There is a lot of talk about whether people want to have a nuclear power station in their “backyard”. But talk is cheap.
A few months ago, a four-bedroom house in Sydney, which is less than 2 kilometres from a nuclear reactor, sold for $1.76 million.
The new homeowners seem happy to live next door to the Lucas Heights nuclear reactor, which has operated safely for more than 60 years.
And others in the suburb do not seem to have an issue, with 200 houses sold, at an average price of $1.35 million, over the past year.
Likewise, as someone who lives in Central Queensland I welcome the announcement that a Liberal-National Government would build two nuclear power stations in my backyard.
We need power stations to maintain our thriving economy. Without reliable and cheap power, we will lose thousands of jobs. If that happens not many homes in my area would sell for $1 million.

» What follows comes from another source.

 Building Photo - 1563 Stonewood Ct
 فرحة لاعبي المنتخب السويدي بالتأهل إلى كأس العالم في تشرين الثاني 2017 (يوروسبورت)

There is a legitimate debate about how much nuclear energy would cost although the International Energy Agency concludes that nuclear is “the least cost option for low-carbon generation”. What there should be no debate about is that our current energy policy is not working.
Despite common misconceptions, Australia has embarked on the largest and most ambitious rollout of solar and wind energy in the world.
According to the Australian Energy Market Operator, Australia has installed, in per person terms, four times more solar and wind power than Europe or North America over the past four years.
The result has been the destruction of our once reliable grid and skyrocketing electricity prices for Australian businesses and households.
Our energy regulator must now regularly intervene in the energy “market” just to keep the lights on.
Since the Renewable Energy Act was introduced in 2000, electricity prices have more than tripled and Australia has lost 140,000 manufacturing jobs.
Australia’s experience has been repeated in every country that has gone down this path. The experiment with solar and wind energy is now more than 20 years old, yet there is still not one country in the world that has reduced its electricity prices by installing lots of solar and wind energy.
We urgently need a different approach, especially given that things could get a lot worse before they get better.
Over the next 10 years we plan to retire four times the amount of coal-fired power than has been retired over the past 10 years.
As the recent decision of the NSW Government to delay the closure of the Eraring coal-fired power station showed, we are not ready for this transition.
We cannot afford to continue to put all of our eggs in the renewable energy basket. I have never been against some solar and wind power. What any modern industrial economy needs is a mix of different types of electricity.
Take data centres for example. They are essential for the development of AI technologies, but they require power that is always on at a level of reliability greater than most heavy industrial plants.
One data centre builder told me that his contracts include a condition whereby he is penalised 20 per cent of his annual contract value if power is out for just five minutes at the data centre.
The intermittent energy supply provided by solar and wind energy is not suitable for the strict reliability requirements of AI. So Microsoft and Amazon are turning to nuclear energy to meet their needs.
If we do not look to install nuclear energy soon, we will not just lose industrial jobs, we may miss out on information jobs too.
We also need gas to provide efficient backup power and as a feedstock to industrial processes such as fertiliser production. Half of the world’s population is fed from fertilisers made by fossil fuels.
We need coal too, to maintain jobs in aluminium smelting and other energy-intensive industries. No large-scale aluminium smelter is powered by solar, wind or nuclear power.
My message that we need a balanced mix of energy types is often lost in a debate where everyone is searching for an impossible silver bullet.
Obsession leads to excess. If we move to Labor’s 82 per cent renewable energy target millions of hectares of Australia’s bushland will be desecrated. Wind requires 360 times more land than nuclear and solar takes up 75 times more land.
Solar and wind require ripping up many more backyards than nuclear.
Perhaps that is the reason why Sydney has had a nuclear reactor for 60 years but is yet to install its first industrial size solar or wind facility.